---------- Available records ----------
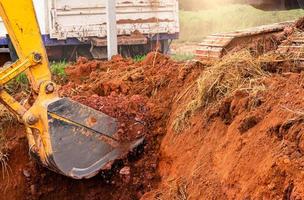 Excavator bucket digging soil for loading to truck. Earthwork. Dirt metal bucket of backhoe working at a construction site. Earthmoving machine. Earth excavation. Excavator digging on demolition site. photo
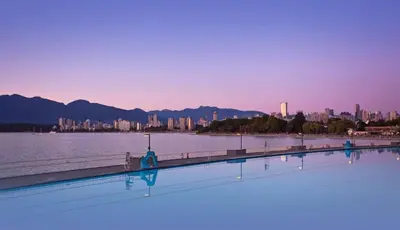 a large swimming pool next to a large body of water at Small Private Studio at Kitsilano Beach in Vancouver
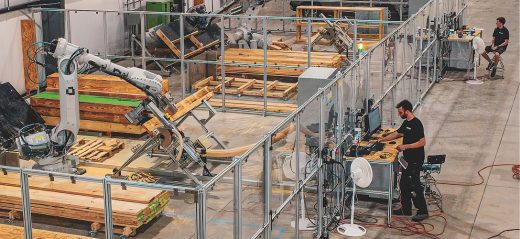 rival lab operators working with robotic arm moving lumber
----------
---------- Available records ----------
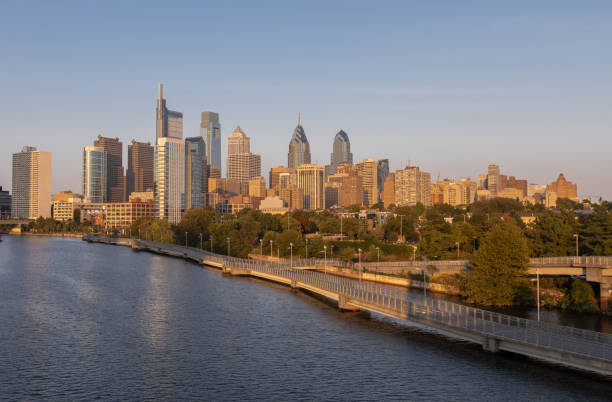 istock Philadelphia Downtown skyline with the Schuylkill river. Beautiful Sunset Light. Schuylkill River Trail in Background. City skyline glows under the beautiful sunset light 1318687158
----------
→ Exercise directions:
Output exactly the lines above that lie between the line with "Excavator bucket digging" and the line with "rival lab operators", those two lines included, and no pictures.

→ Written reply:
 Excavator bucket digging soil for loading to truck. Earthwork. Dirt metal bucket of backhoe working at a construction site. Earthmoving machine. Earth excavation. Excavator digging on demolition site. photo
 a large swimming pool next to a large body of water at Small Private Studio at Kitsilano Beach in Vancouver
 rival lab operators working with robotic arm moving lumber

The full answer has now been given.